Ho J., Jain A. and Abbeel P. Denoising diffusion probabilistic models. In Advances in Neural Information Processing Systems (NIPS), 2020.

[Page E. Approximating to the cumulative normal function and its inverse for use on a pocket calculator. Applied Statistics, vol. 26, pp. 75-76, 1977.]

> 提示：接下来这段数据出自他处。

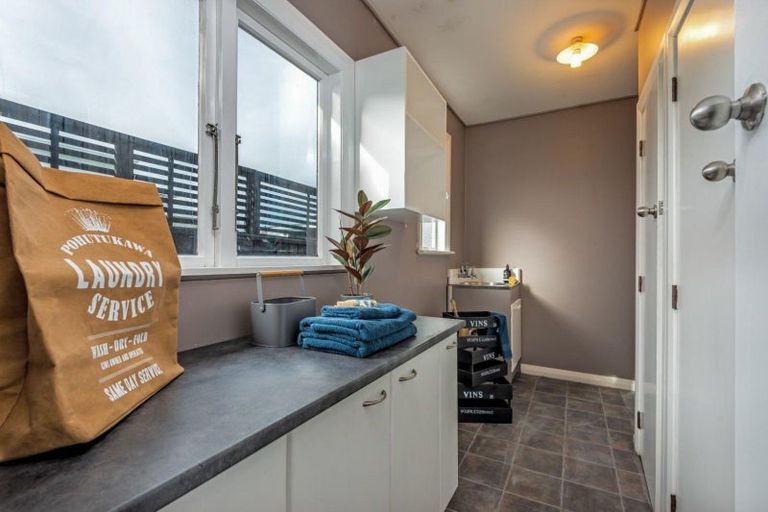 Photo of property in 1014 Tremaine Avenue, Roslyn, Palmerston North, 4414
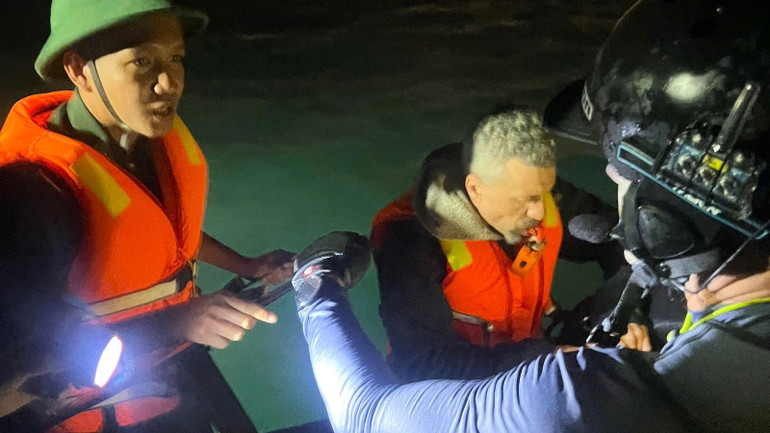 Cán bộ, chiến sĩ đồn Biên phòng Mũi Né và người dân cứu vớt an toàn ông ALEKSANDRA khi đang bị trôi dạt trên biển. Cán bộ, chiến sĩ đồn Biên phòng Mũi Né và người dân cứu vớt an toàn ông ALEKSANDRA khi đang bị trôi dạt trên biển.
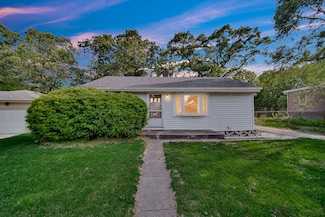 1020 Riverlane Dr, Lake Station, IN 46405
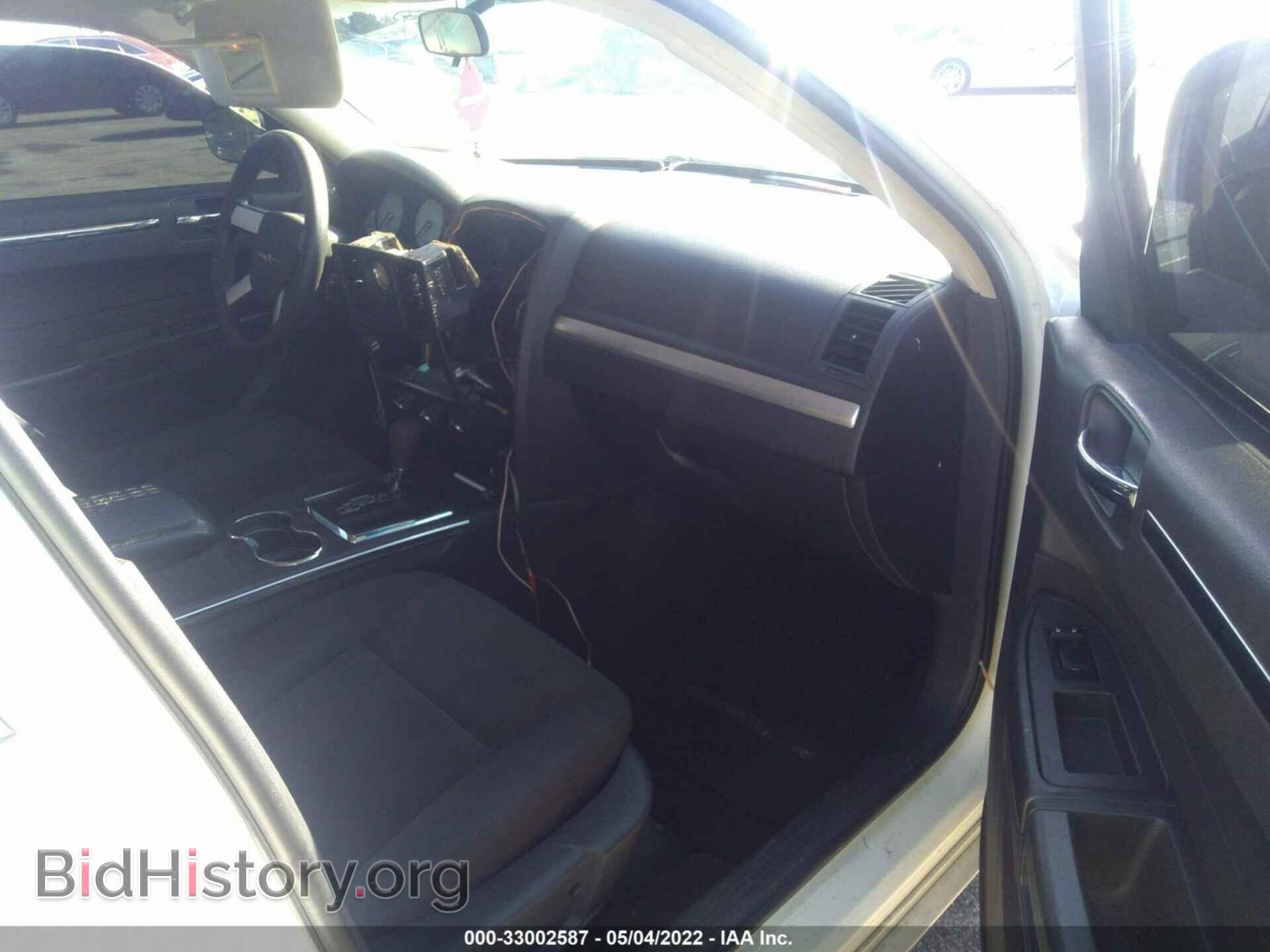 2010 CHRYSLER 300 - VIN: 2C3CA4CD7AH105314 - Фото 5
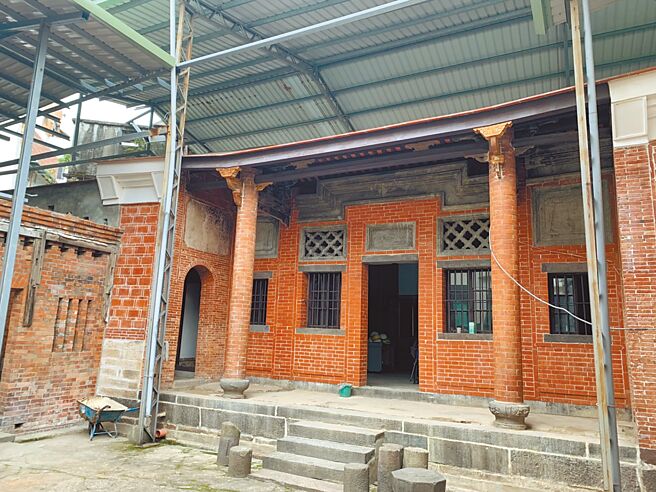 新北市定古蹟「淡水崎仔顶施家古厝」第9度招标成功，文化局预计本月底会召开地方说明会，并在7月动工、2024年完工。（新北市文化局提供／蔡雯如新北报导）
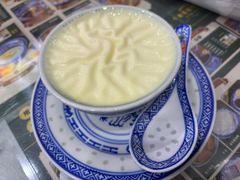 -广信牛奶甜品世家(台东店)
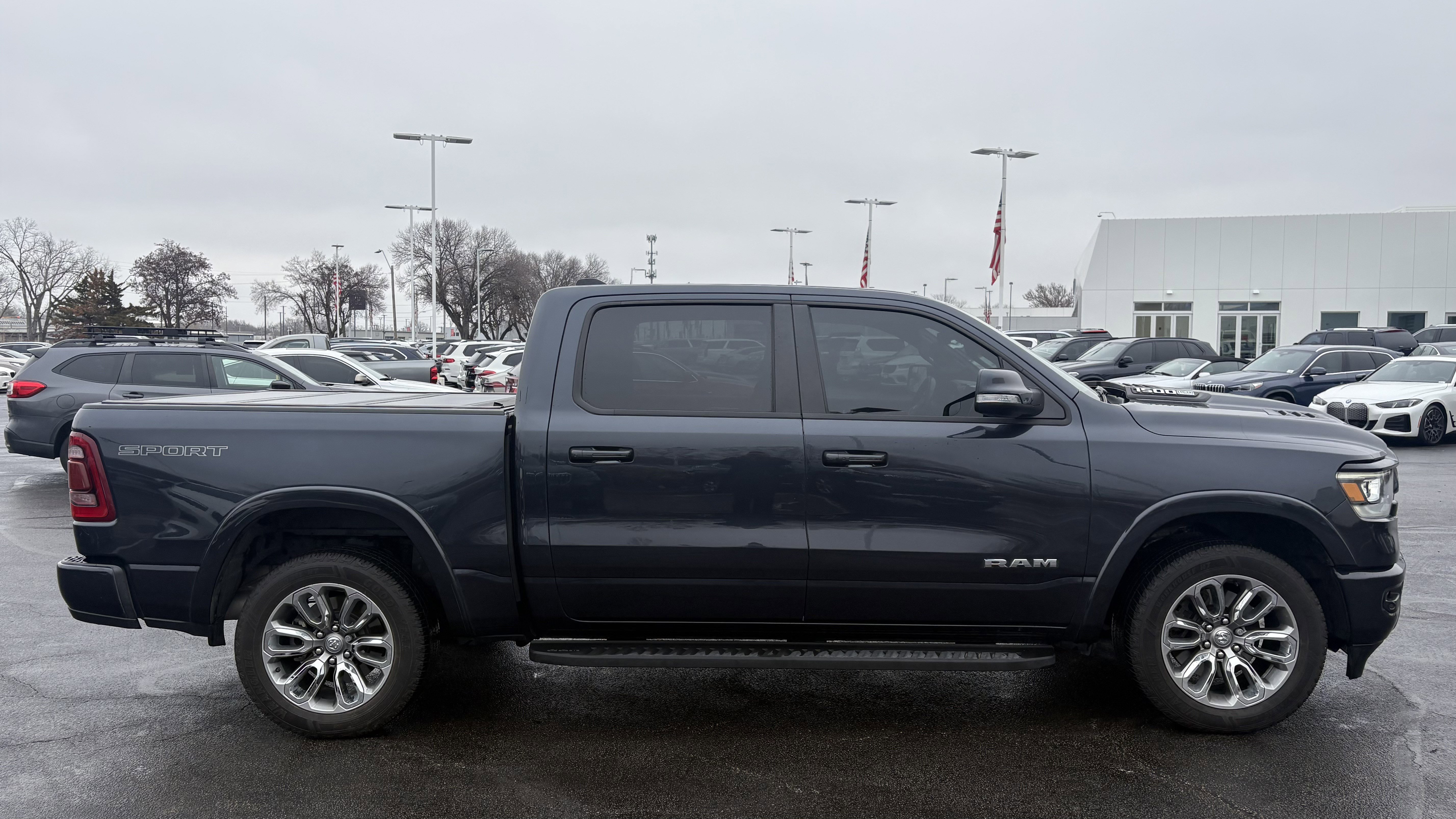 Used 2021 RAM 1500 Laramie w/ Sport Appearance Package image 11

Yerukala R., Boiroju N. K. Approximations to standard normal distribution function. Journal of Scientific and Engineering Research, vol. 6, pp. 515-518, 2015.

diffusion model和变分界的结合.

对抗鲁棒性上已经有多篇论文用DDPM生成的数据用于训练了, 可见其强大.

主要内容

Diffusion models

reverse process

从\(p(x_T) = \mathcal{N}(x_T; 0, I)\)出发:

\[p_{\theta}(x_{0:T}) := p(X_T) \prod_{t=1}^T p_{\theta}(x_{t-1}|x_t), \quad p_{\theta}(x_{t-1}|x_t) := \mathcal{N}(x_{t-1}; \mu_{\theta}(x_{t}, t), \Sigma_{\theta}(x_t, t)),
\]

注意这个过程我们拟合均值\(\mu_{\theta}\)和协方差矩阵\(\Sigma_{\theta}\).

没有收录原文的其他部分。